Como a força da crítica romântica jamais abateu a pujança do ideal
universalista dentro de nosso horizonte ideológico, embora tenha contribuído
para tornar seus efeitos infinitamente mais complexos, é preciso reconhecer que
as duas forças passaram desde o início a operar em tensão permanente. Mas não
de modo recíproco ou igualitário: o romantismo sempre será o contraponto, o
momento segundo, de uma dinâmica que o ultrapassa e determina. Ele encarna, nos
termos do modelo de Louis Dumont, a dimensão hierárquica, holista, do
pensamento humano, oposta à ideologia do individualismo. Eis por que se poderia
e deveria reconhecer como "romântica" toda contra-força fundamental em nossa
dinâmica cultural desde o final do século XVIII.
Vamos ver, em seguida, como é complexa, porém, essa "reação", e como a
combinação dos muitos itens em que ela se processa recorrentemente pode levar a
soluções muito díspares e, freqüentemente, contraditórias.
A mais abrangente de suas dimensões constitutivas é possivelmente a que se
refere à totalidade. A ideologia do individualismo, como mencionei,
caracteriza-se justamente por sua ênfase na "parte", nos indivíduos articulados
em associações políticas graças à ação de certas "paixões" e "interesses"
naturais (cf. Hirschman, 1979). A ideologia universalista não opera de modo
diverso. Sua fórmula típica originária, a da cosmologia de Newton, pressupunha
também "elementos" isolados (os corpos celestes), articulados em sistemas
graças à ação de certas forças naturais. A denúncia da perda implicada por essa
fragmentação do mundo, por essa ênfase na segmentação dos elementos
constitutivos de todos os entes, é a fórmula básica do romantismo. Perda
sobretudo do sentido específico que a co-presença dos elementos na totalidade
acarretaria. A totalidade perdida (e a ser recuperada) podia ' e pode ' ser
encontrada em muitos níveis. Um dos primeiros, historicamente, cheio de
implicações para o que se veio a constituir mais tarde como uma antropologia, é
o da totalidade cultural. Herder conferiu-lhe uma forma canônica ao lidar com a
cultura germânica como um ente específico, menor que a Humanidade, mas
certamente maior e mais expressivo que os entes individuais que compunham as
populações de fala alemã. Aí estava um dos focos mais ativos da ideologia da
nação moderna, assim como da noção contemporânea, antropológica, de "culturas"

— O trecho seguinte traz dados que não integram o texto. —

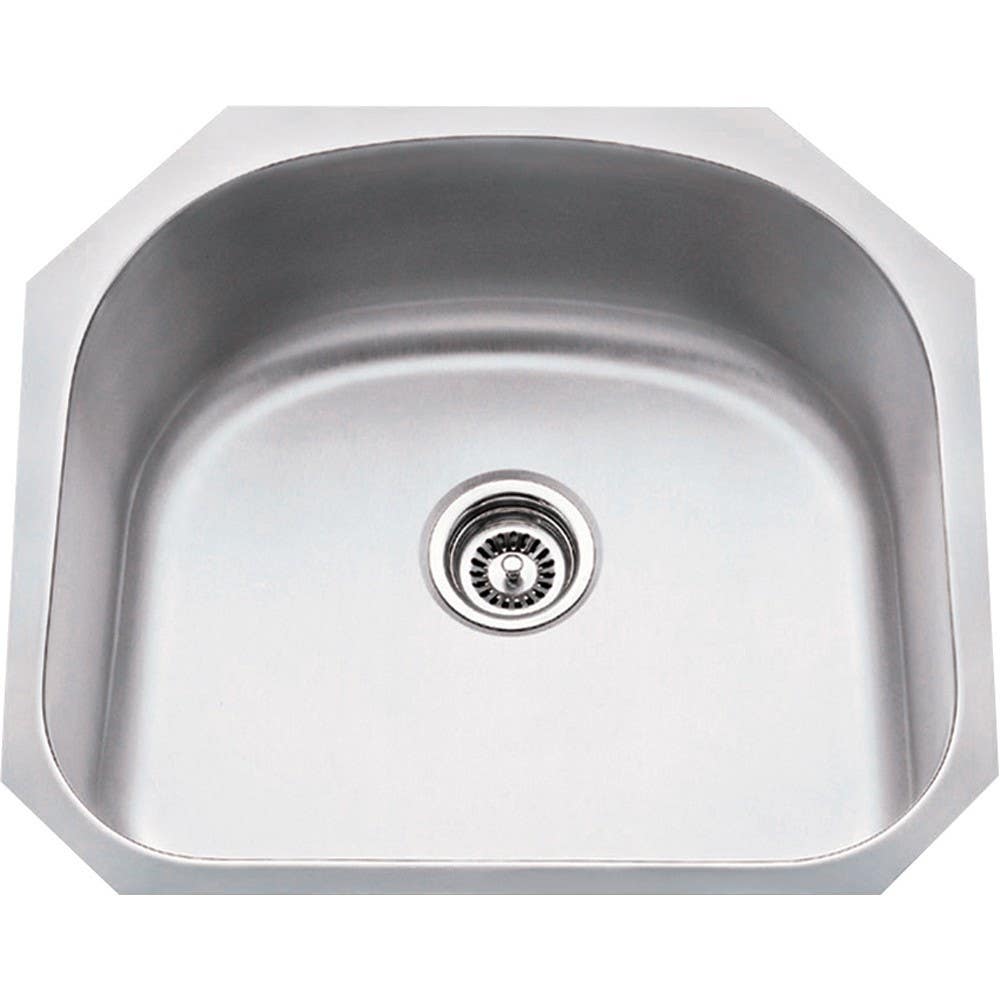 Hardware Resources 861 Undermount 18 Gauge Stainless Steel Single Bowl Sink, 23 1/4" L x 20 7/8" W x 9" D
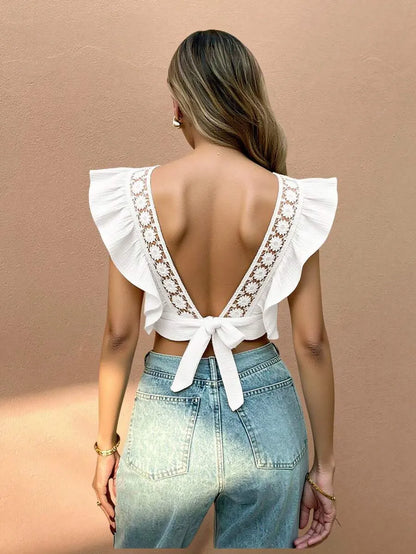 LOLA | TOP CROP BOHO TEXTURÉ VOLANTS ET INSERTS EN DENTELLE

específicas. Já em sua época, a oposição explícita se fazia contra o ideal da
justaposição indistinta ' indiferenciada ou igualitária ' dos cidadãos, membros
de uma Humanidade abstrata.
O valor da totalidade, do holismo, assume freqüentemente no romantismo a
conotação de unidade, sobretudo no que se refere aos estados originários dos
entes ou dos fenômenos. Uma unidade primordial a partir da qual pode se ter
dado a diferenciação histórica, com implicações positivas ou negativas. A
desinência Ur-, em alemão ("originário"), foi freqüentemente agregada às mais
variadas categorias para expressar essa ênfase ideológica recorrente. Seria
interessante explorar os deslizamentos entre a conotação de primordialidade
intrínseca à idéia da unidade/totalidade e o valor de permanência expresso na
idéia de "eterno" (como na famosa locução goetheana do das ewig Weibliches ' o
eterno feminino). Com efeito, a sempre referida representação de um "amor
romântico" é inseparável da valoração de uma unidade perdida que só o "amor"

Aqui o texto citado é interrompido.